I am very familiar with linear regression and that $\hat{\beta}_1 = r \cdot \dfrac{S_y}{S_x}$ when working with sample data points, where $S_y$ and $S_x$ denote the sample standard deviations.

But how does this make sense in a population context - to the point where we're working with population quantities such as $\sigma(X)$ and $\sigma(Y)$? In particular, what function are we minimizing so as to obtain that $\rho_{X, Y} \cdot \sigma(Y)/\sigma(X)$ (note: these are population quantities, not the sample ones) would be the least-squares regression slope between $X$ and $Y$?

Apart from using the population variances rather than sample variances, there's no difference whatsoever in the population context. In particular, you are still minimizing the sum of squared residuals. — whuber, Apr 12 '21 at 22:15
@whuber Yes, and I agree with that. However, unless I'm doing the math wrong in my head, you'd instead end up with, say, $\hat{\beta}_0 = \sum Y_i / n - \hat{\beta}_1 \cdot \sum X_i / n$ (simply take the partial with respect to $\beta_0$), rather than $\mathbb{E}[Y] - \hat{\beta}_1 \cdot \mathbb{E}[X]$ as the text in my question suggests. — Clarinetist, Apr 13 '21 at 01:11
@whuber Does this mean, then, that we should replace sample means with population means as well? — Clarinetist, Apr 13 '21 at 01:15
@whuber I made an attempt at an answer. It is likely wrong, but it was the best I could come up with. — Clarinetist, Apr 13 '21 at 19:40

score 1 · Accepted Answer · answered Apr 14 '21 at 14:01

I offer this post as one possible way to unify the concepts of (ordinary) linear regression for a random sample and for population.
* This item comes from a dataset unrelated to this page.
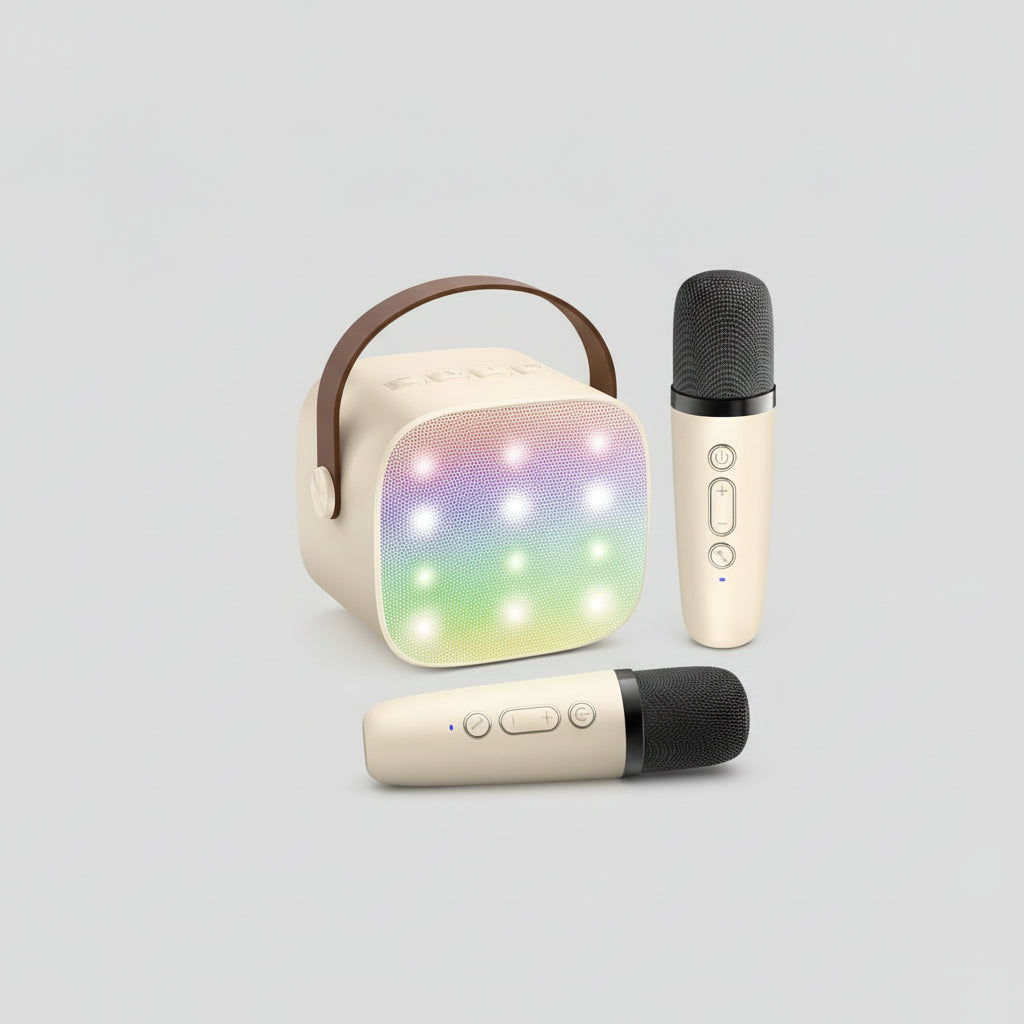 All-in-One Portable Karaoke Machine with Bluetooth and Mic Set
I will take you through a sequence of concepts, from broadest to narrowest, finally arriving at what you're looking for.

Corresponding with two conceptions of regression, which differ on whether the explanatory variable $X$ is considered a random variable, are two conceptions of "population."

The population is a function $\mathcal P$ from a set $X\subset \mathbb R$ into a set of random variables. When $x\in X,$ let $Y_x$ designate the random variable associated with $x.$
The population is a bivariate random variable $(X,Y).$

"Regression" most broadly means the process of associating with each $x$ the expectation of the random variable attached to $x.$

The "regression of $Y$ on $X$" in the first case is the function $x\to E[\mathcal{P}(x)].$ It exists when all these expectations exist.
The "regression of $Y$ on $X$" in the second case is the conditional expectation $E[Y\mid X].$ The "function" $x\to E[Y\mid X=x]$ is not actually well-defined, but any two such functions can disagree only on a set of zero probability."

"Linear regression" means finding a linear function to approximate the regression in the least squares sense. That is, in some sense the average squared difference between the $Y$ values and what the linear function "predicts" is minimized. In both cases we may express this function in the form

$$f(x;\theta) = \beta_0 + \beta_1 x$$

where $\theta = (\beta_0, \beta_1)$ are the parameters. The two situations differ subtly in what "mean square difference" might mean.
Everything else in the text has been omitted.